With these efforts, we managed to reduce the deep-sleep total device current to approx. 4-10 µA which should be enough for several months of battery operation.

Lessons learned and useful links

  • When using this microcontroller in the minimal components configuration, it is important to connect the AVcc pin 20 to a voltage source, e.g. to Vcc, even when it isn't planned to use the ADC. If left floating, the device's current consumption will be high even when put to sleep.
  • For this project, the microcontroller was programmed using the ISP port and without a bootloader. If the chip was previously used with an external clock source, its fuses need to be reprogrammed. This was done using an AVRISPmkII programmer and the avrdude command line tool.

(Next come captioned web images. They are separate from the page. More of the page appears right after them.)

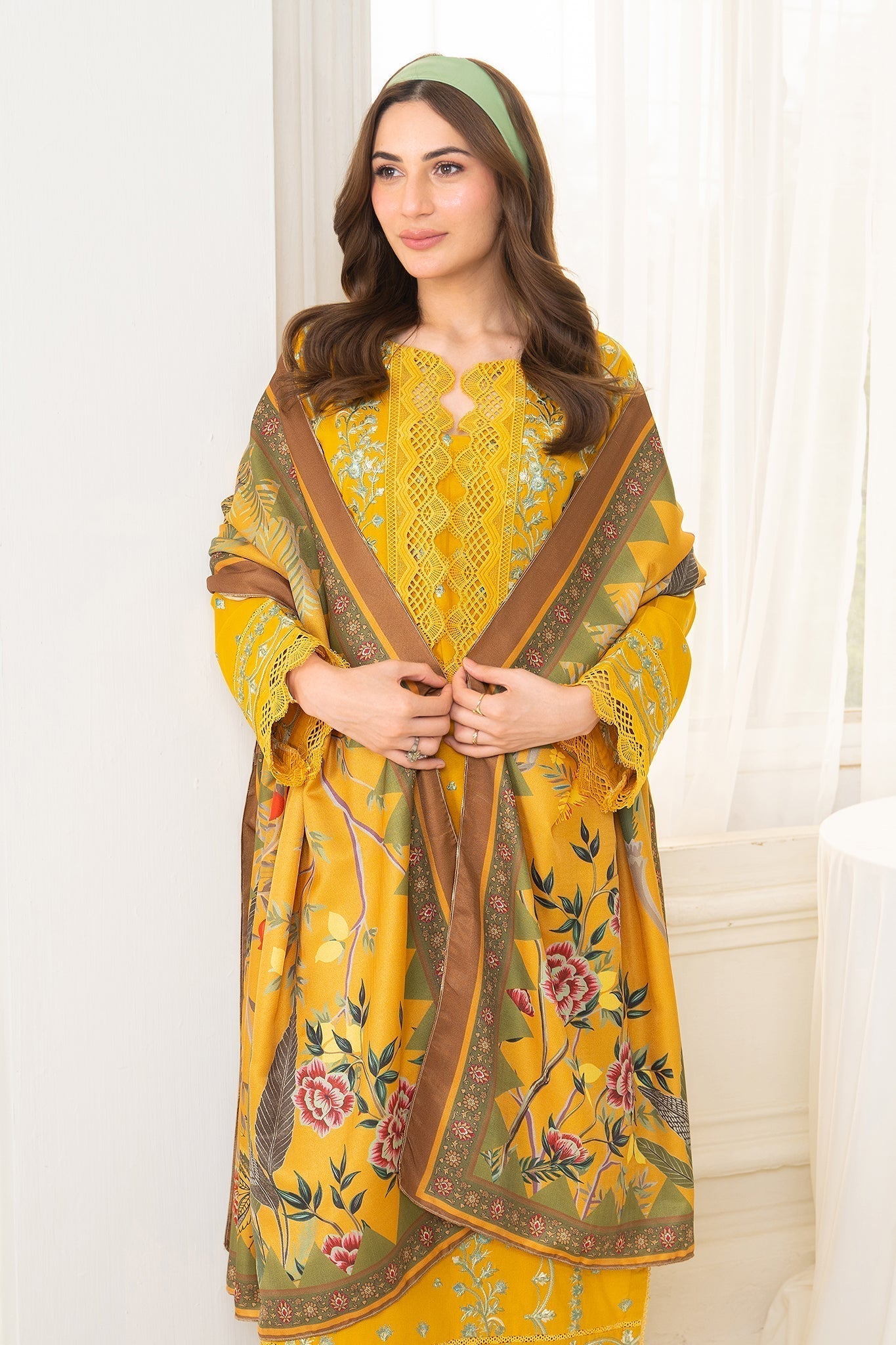 Winter Basics by Panache Apparel Stitched Collection-Golden Hour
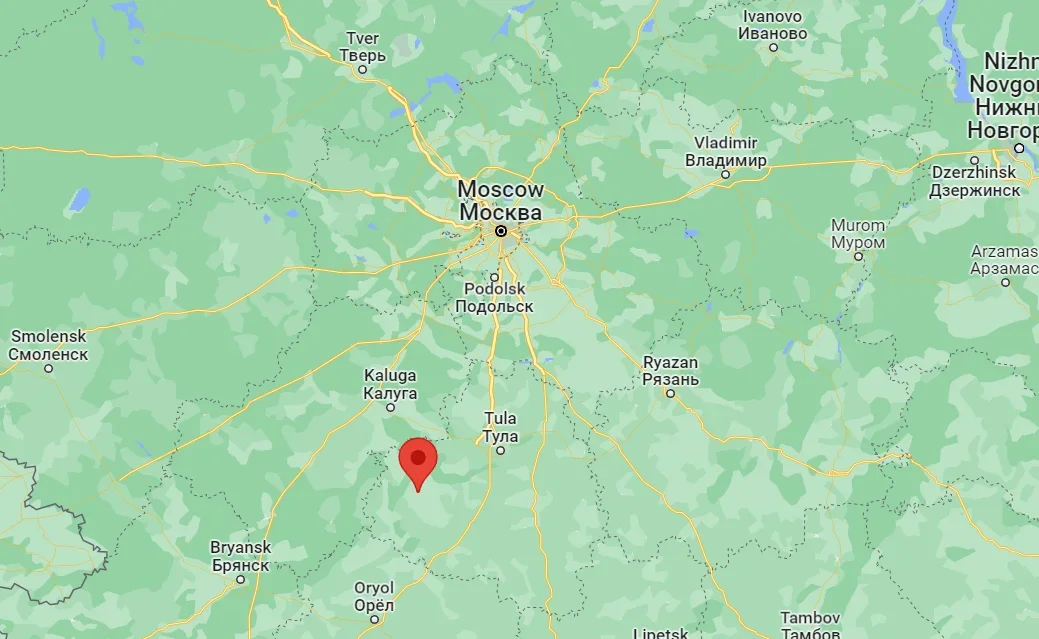 Screenshot: Google Maps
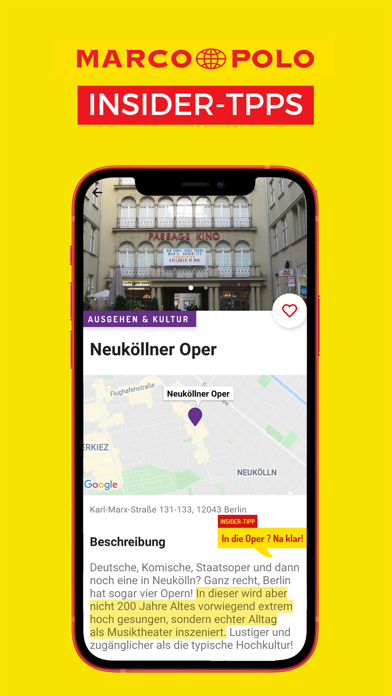 Reiseplaner Berlin Screenshot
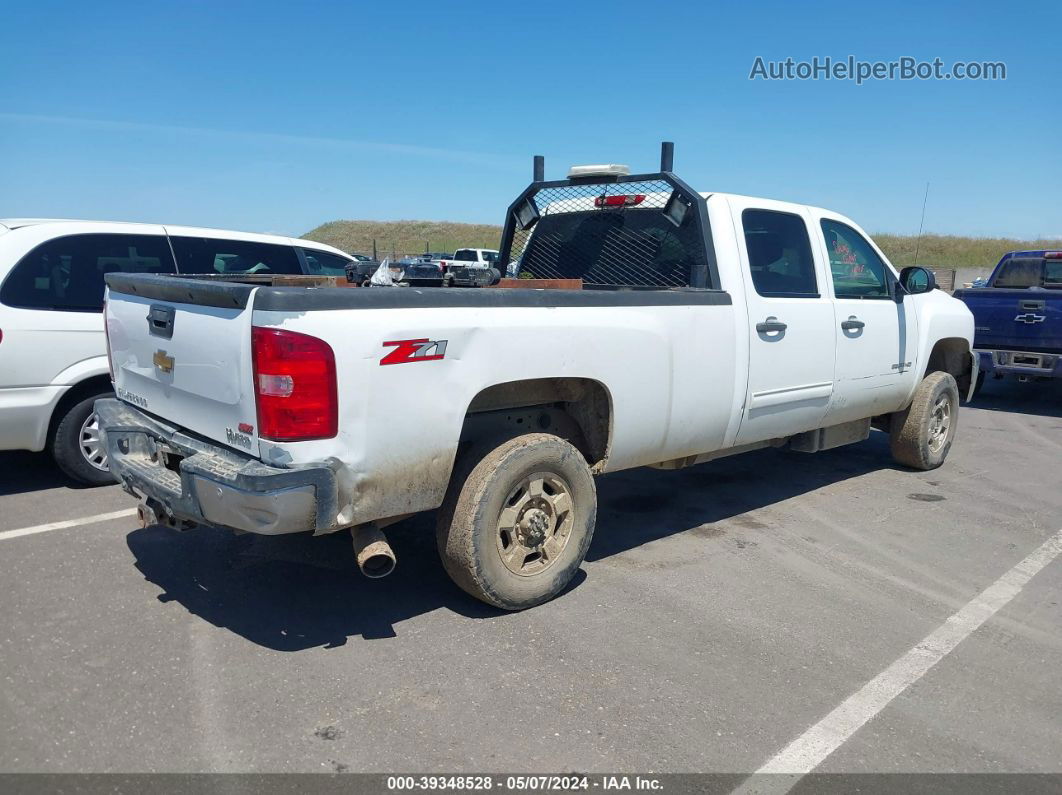 2013 Chevrolet Silverado 2500hd Lt Белый vin: 1GC1KXC83DF210667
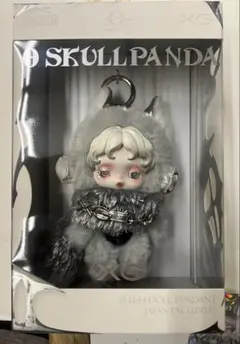 SKULLPANDA × XG ぬいぐるみペンダント 日本限定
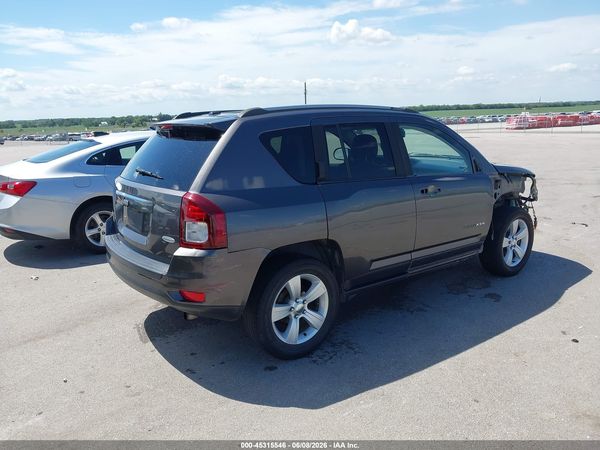 2016 JEEP COMPASS LATITUDE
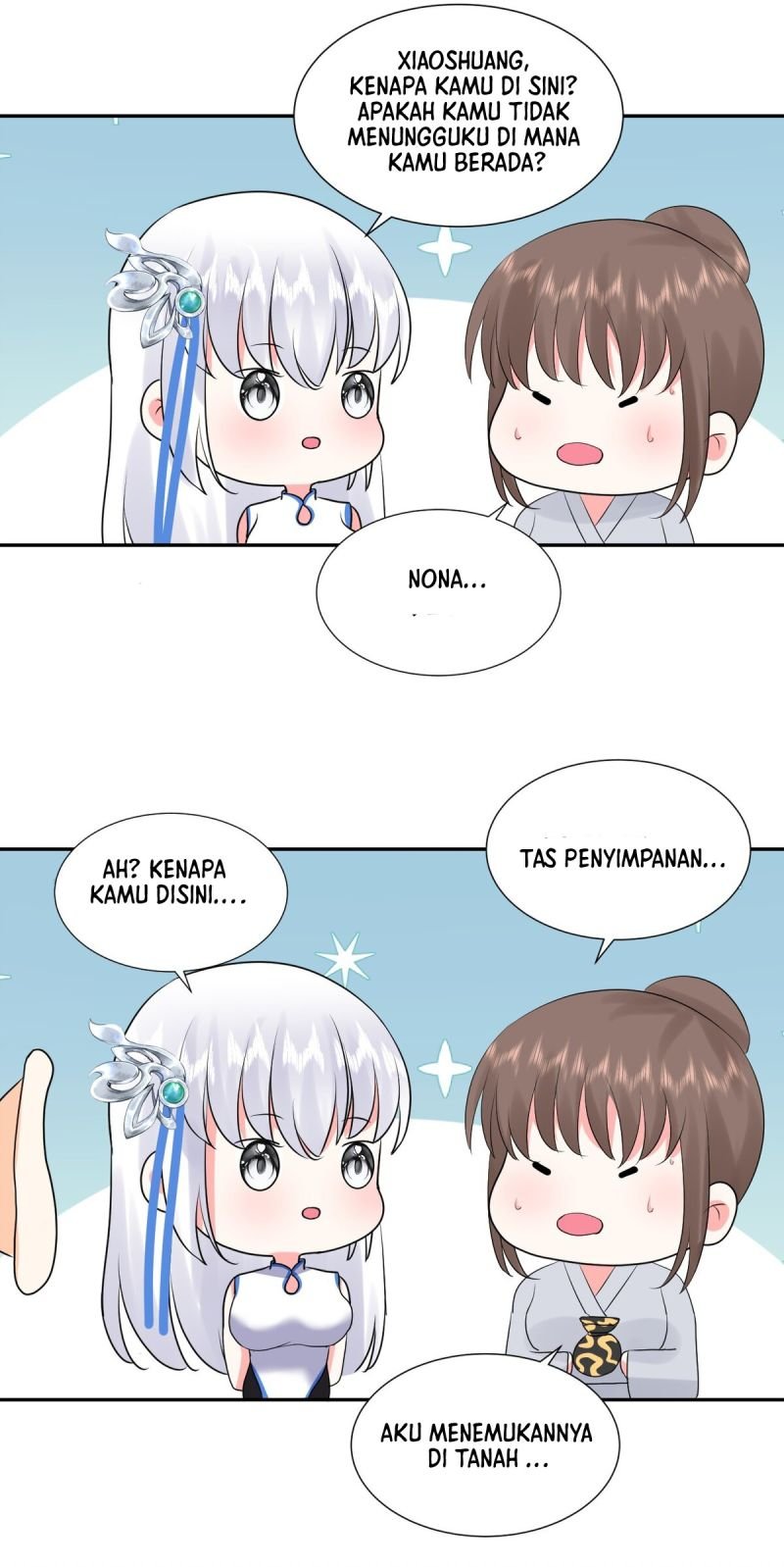 Want To Practice With Me Chapter 3 - halaman 23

At some later point, the device refused to be programmed and seemed not to react at all although having already been programmed with the right fuses. After a lot of digging, it was found that the AVRISPmkII seems to remember the speed that it had previously been using to program a chip and needs to be specially instructed to lower it using the -B parameter (see this answer from Stackexchange).

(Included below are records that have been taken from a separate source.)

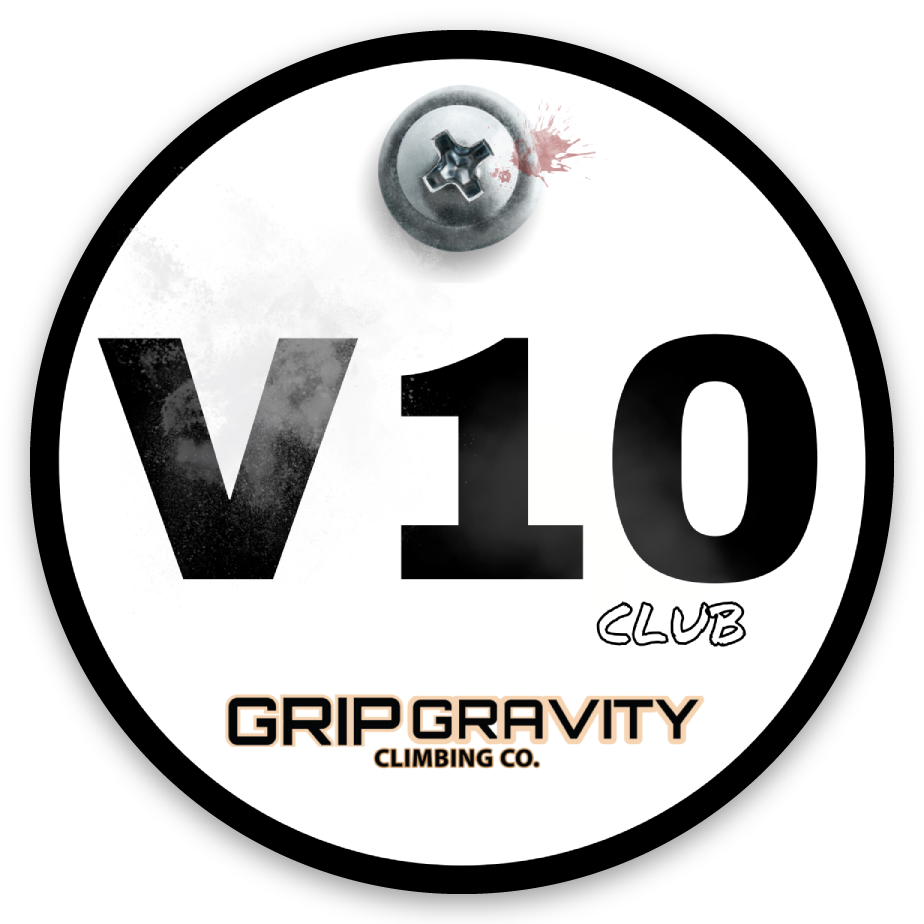 “V10 Club Stickers”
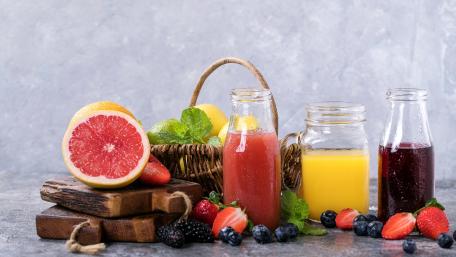 Refreshing and Colorful Juices for Every Occasion wallpaper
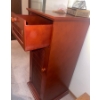 Image 2 : Rustic Night Stand w/ Contents 12x12x36
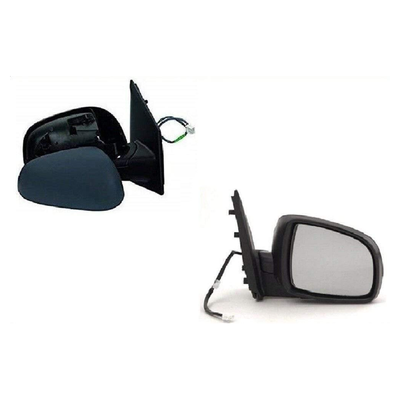 Fits Nissan Note 2006-2013 Door Wing Mirror Electric Heated Primed Cover Driver Side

  • The Arduino framework used needs to be configured for this minimal components configuration that uses the internal clock source. This hardware profile including correct fuse settings can be downloaded at the official Arduino page.

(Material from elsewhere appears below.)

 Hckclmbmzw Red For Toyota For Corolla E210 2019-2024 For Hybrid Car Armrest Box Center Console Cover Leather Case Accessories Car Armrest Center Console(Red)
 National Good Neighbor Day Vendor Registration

  • If fuses need to be tweaked (e.g. set brownout detection level), there's a useful online tool to calculate fuse settings.
  • While debugging, I needed to read the MCUSR register right after startup to verify what was the cause for the reset. For this to be able to work, i.e. in order for the MCUSR register to contain valid data, it is imperative to program the microcontroller directly via ISP, because a bootloader would falsify the contents of that register. Also, I noticed that the BORF flag was always set. After some investigation, I found out that this was due to the sleep_bod_disable() right before sleep. So, only for debugging, I commented that line out and the MCUSR register then worked as expected.
  • What seemed to be a nasty, hard-to-trace error that hung up the device, turned out to be a simple brown-out reset when drawing too much current from the batteries: the voltage dropped because there was substantial corrosion on one battery contact. Further evidence was obtained when increasing the brown-out threshold voltage by modifying the efuse. This exacerbated the problem. After scraping and cleaning the contact, the problem was resolved.